U.S. profit margins across equity styles

Sources: Bloomberg and Wells Fargo Investment Institute. Analysis uses monthly data from January 1, 1990 to June 30, 2022. Cyclical sectors include Industrials, Financials, Energy, and Materials. Secular growth sectors include Information Technology and Consumer Discretionary. Defensive sectors include Health Care, Consumer Staples, and Utilities. Real Estate and Communication Services were not included due to short history or material membership change in recent years. High inflation periods are months: (1) between 1990 and 2020 (2) when year-over-year consumer price index change was above 3.5% and (3) that did not overlap with recessions. High wage growth periods are months (1) between 1990 and 2020 (2) when the year-over-year wage increase was above 4% (3) that did not overlap with recessions. The S&P 500 Index is a market-capitalization-weighted index considered representative of the U.S. stock market. An index is unmanaged and not available for direct investment. Past performance is no guarantee of future results. Equity securities are subject to market risk which means their value may fluctuate in response to general economic and market conditions and the perception of individual issuers.
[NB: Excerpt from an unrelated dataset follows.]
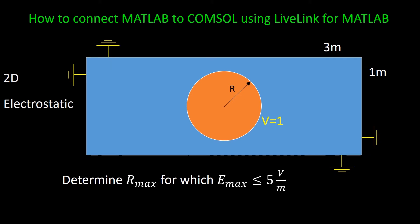Now obviously to create a COMSOL model in MATLAB, you need to know all the commands that are necessary to create geometry, mesh, boundaries, and selecting the physics, running the simulation, and evaluating the parameters, but probably most of you do not know those commands.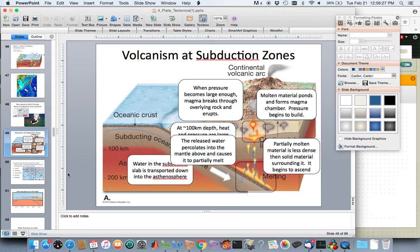That is the remainder of our lecture on plate tectonics. Please note any questions you have so you can bring them to class on Thursday, next time we meet. Okay, and thank you very much. I'm sorry for not being there today, but hopefully this can keep us current. Thank you very much.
Investments in equity securities are generally more volatile than other types of securities. See “Index Definitions and Asset Class Risk Disclosures” link above for equity sector risks.

Key Takeaways

  • Headwinds from higher input prices typically do not negate the tailwinds from economic growth as companies pass the higher costs to consumers.
  • Wage growth above 4% has been shown to reduce profit margins. However, as more people rejoin the workforce, we believe wage growth will normalize to a moderate pace.